== Extracted entries ==

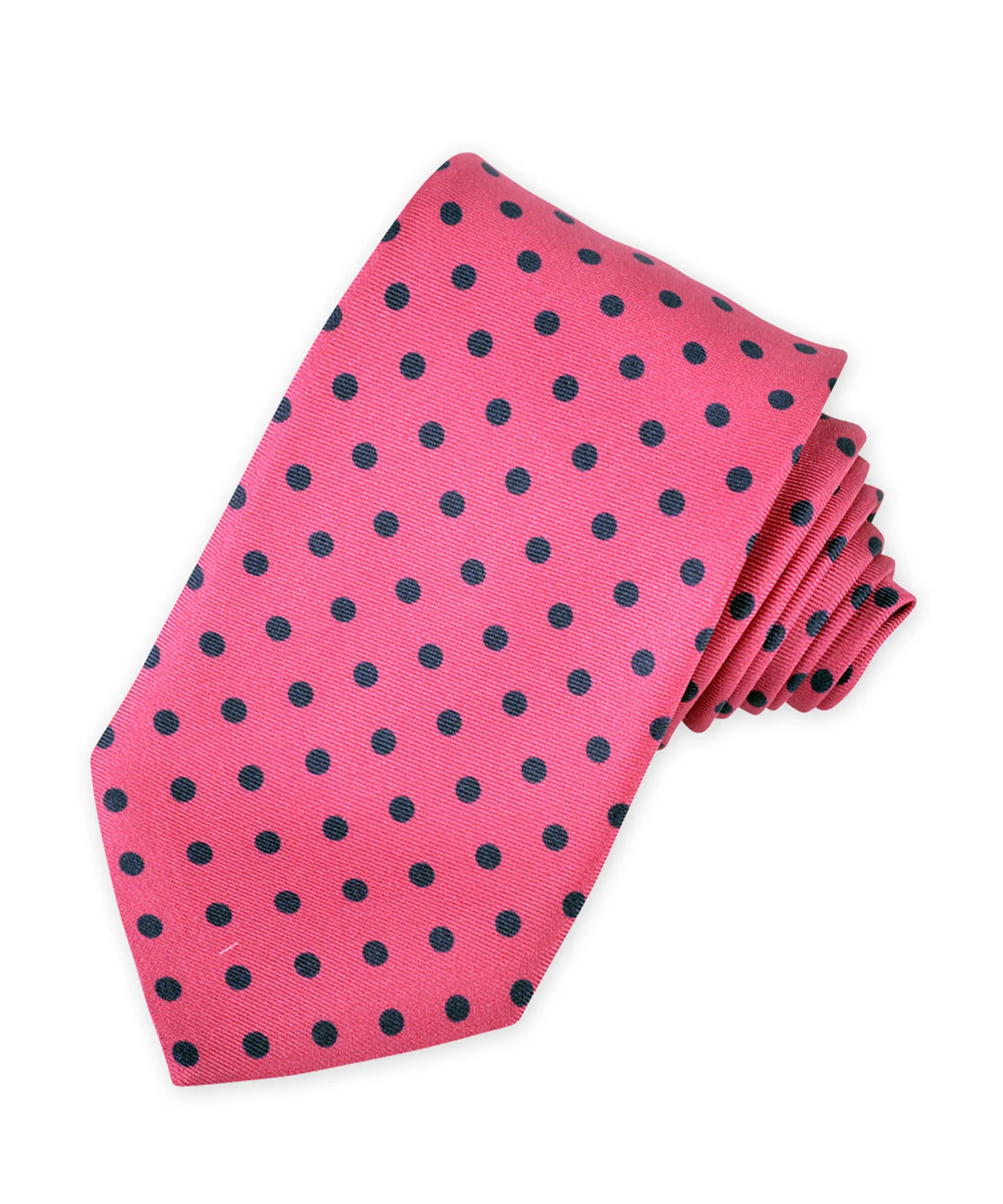 Westport Black Italian Silk Dot Tie - Image 7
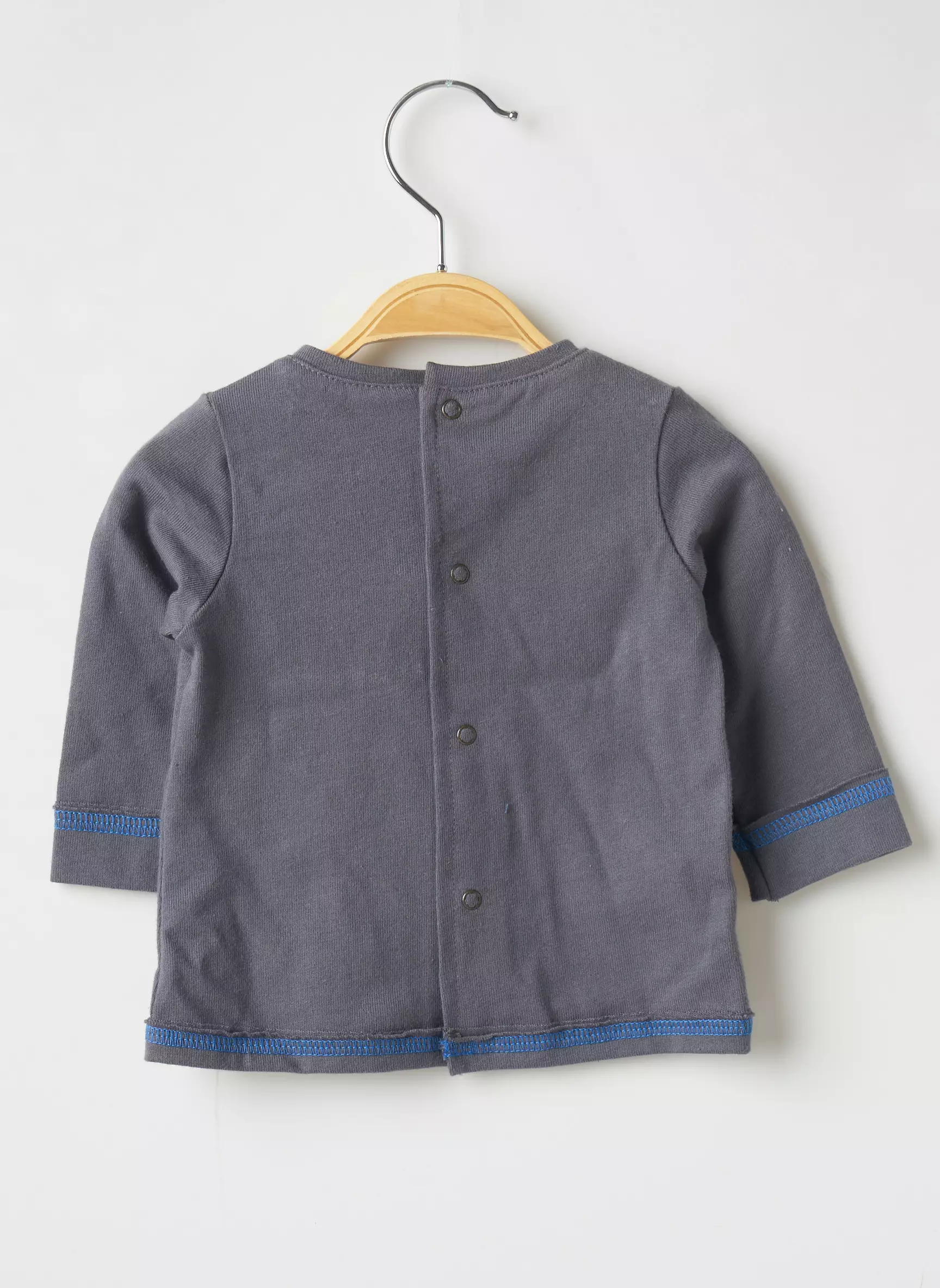 3 Pommes Tshirts Garcon couleur gris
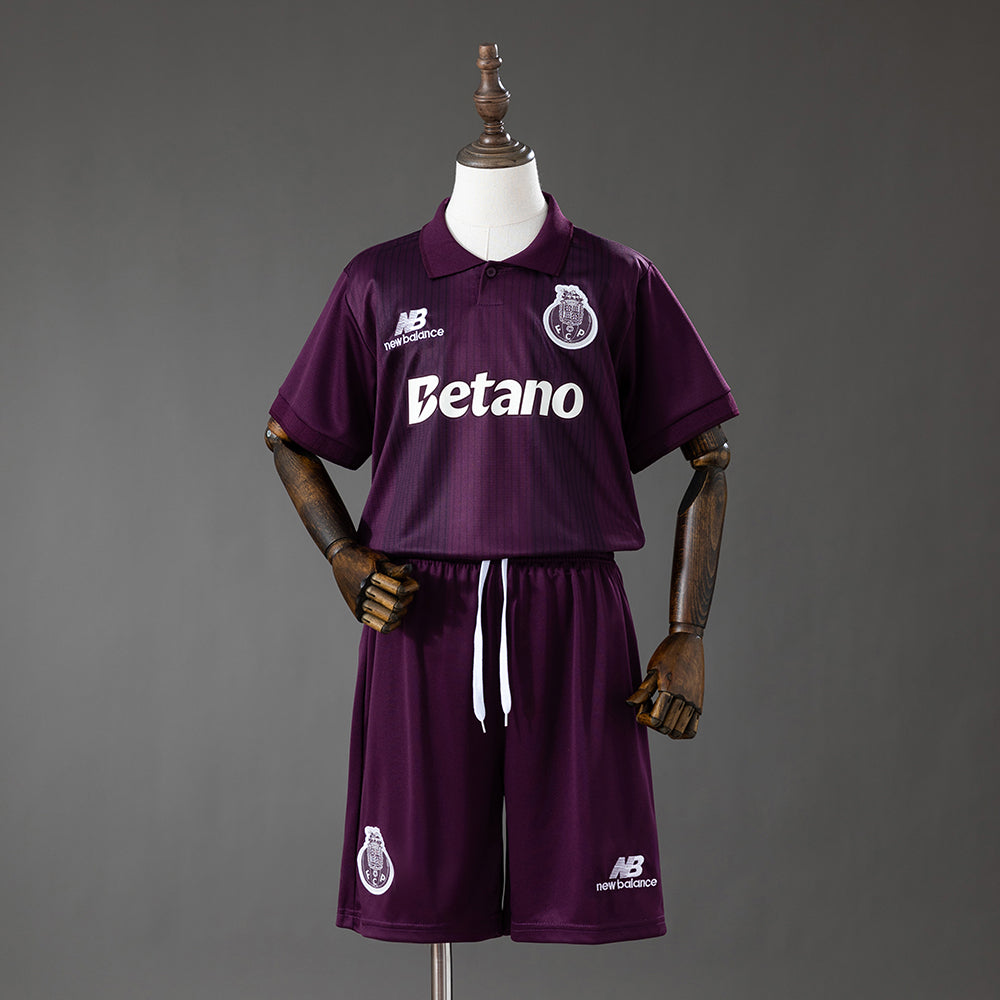 Kit Criança F.C.P. 2026-27 Alternativo Roxo Liso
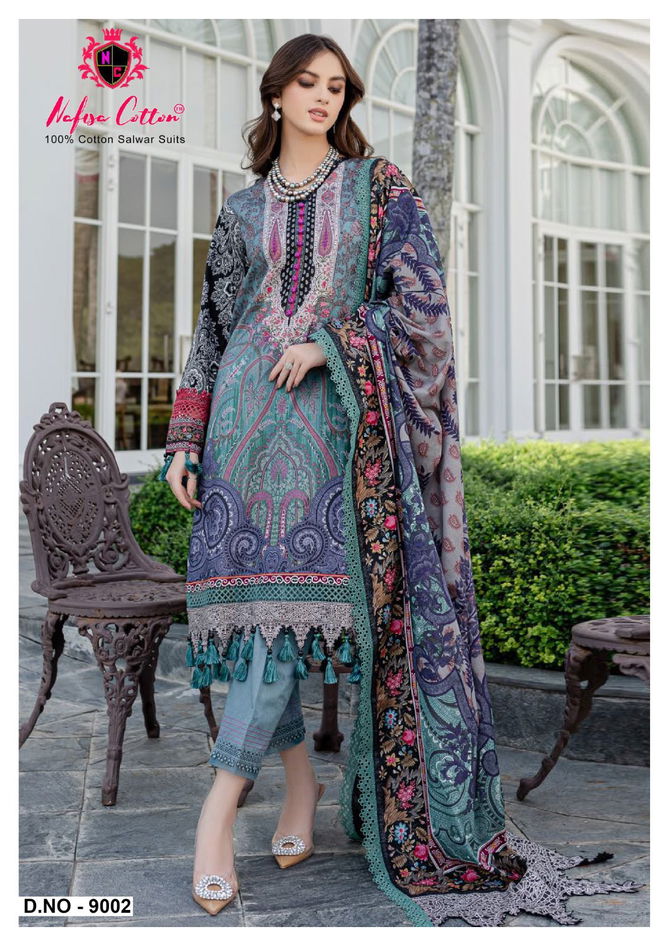 Monsoon Vol 9 By Nafisa Karachi Cotton Dress Material Catalog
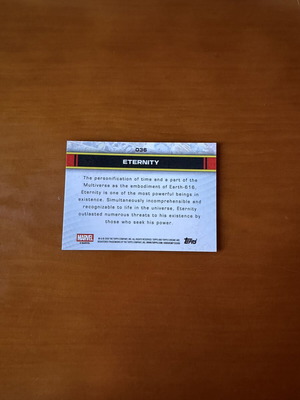 Marvel Topps Eternity Insert card like new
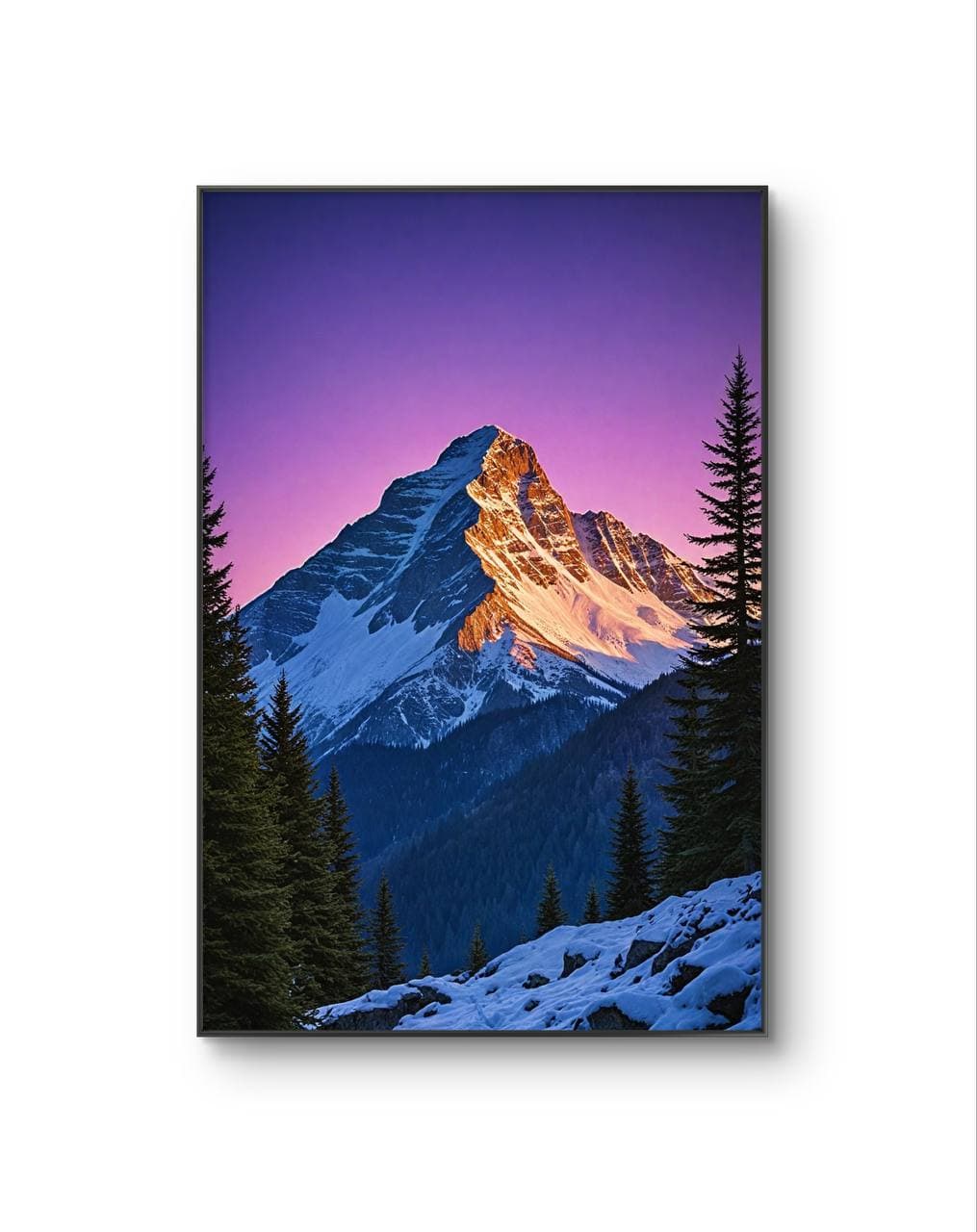LumièreVue - The Last Light on the Peak — Photography fine art print by LumièreVue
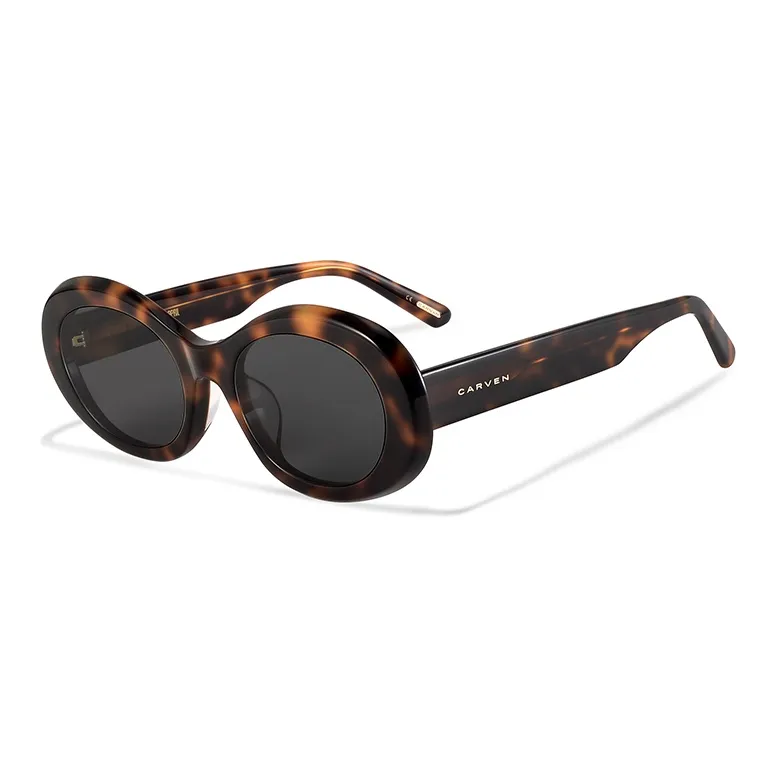 APRIL Plate Frame Oval Sunglasses Unisex-8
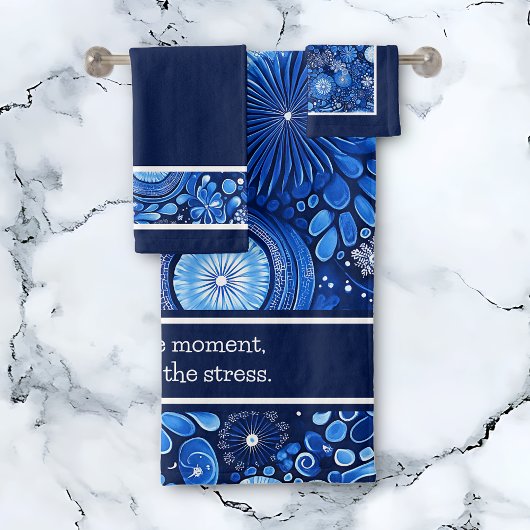 ブルーボタニカルシボリことわざ バスタオルセット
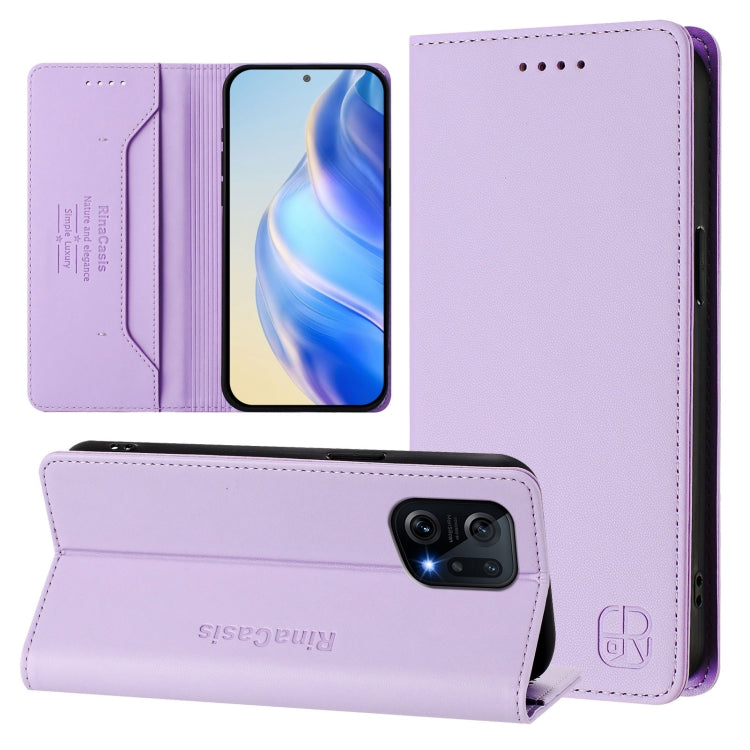 RC01 Dual-Folded Magnetic Suction RFID Leather Phone Case, For OPPO Find X5 Pro, For OPPO Find X5, For OPPO Reno7 5G Global / Find X5 Lite, For OPPO A54 4G / A54s / A55 5G / A16, For OPPO A74 4G / F19 / F19s / A95 5G / 4G, For OPPO A15 / A15s / A35 2021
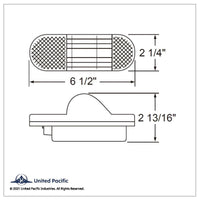 United Pacific - 28 LED Mid-Trailer Turn Signal Light - Amber LEDs (Amber Lens)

===

To do: With the images excluded, reproduce the data above precisely as written.

Result of this task:
 Westport Black Italian Silk Dot Tie - Image 7
 3 Pommes Tshirts Garcon couleur gris
 Kit Criança F.C.P. 2026-27 Alternativo Roxo Liso
 Monsoon Vol 9 By Nafisa Karachi Cotton Dress Material Catalog
 Marvel Topps Eternity Insert card like new
LumièreVue - The Last Light on the Peak — Photography fine art print by LumièreVue
 APRIL Plate Frame Oval Sunglasses Unisex-8
 ブルーボタニカルシボリことわざ バスタオルセット
 RC01 Dual-Folded Magnetic Suction RFID Leather Phone Case, For OPPO Find X5 Pro, For OPPO Find X5, For OPPO Reno7 5G Global / Find X5 Lite, For OPPO A54 4G / A54s / A55 5G / A16, For OPPO A74 4G / F19 / F19s / A95 5G / 4G, For OPPO A15 / A15s / A35 2021
 United Pacific - 28 LED Mid-Trailer Turn Signal Light - Amber LEDs (Amber Lens)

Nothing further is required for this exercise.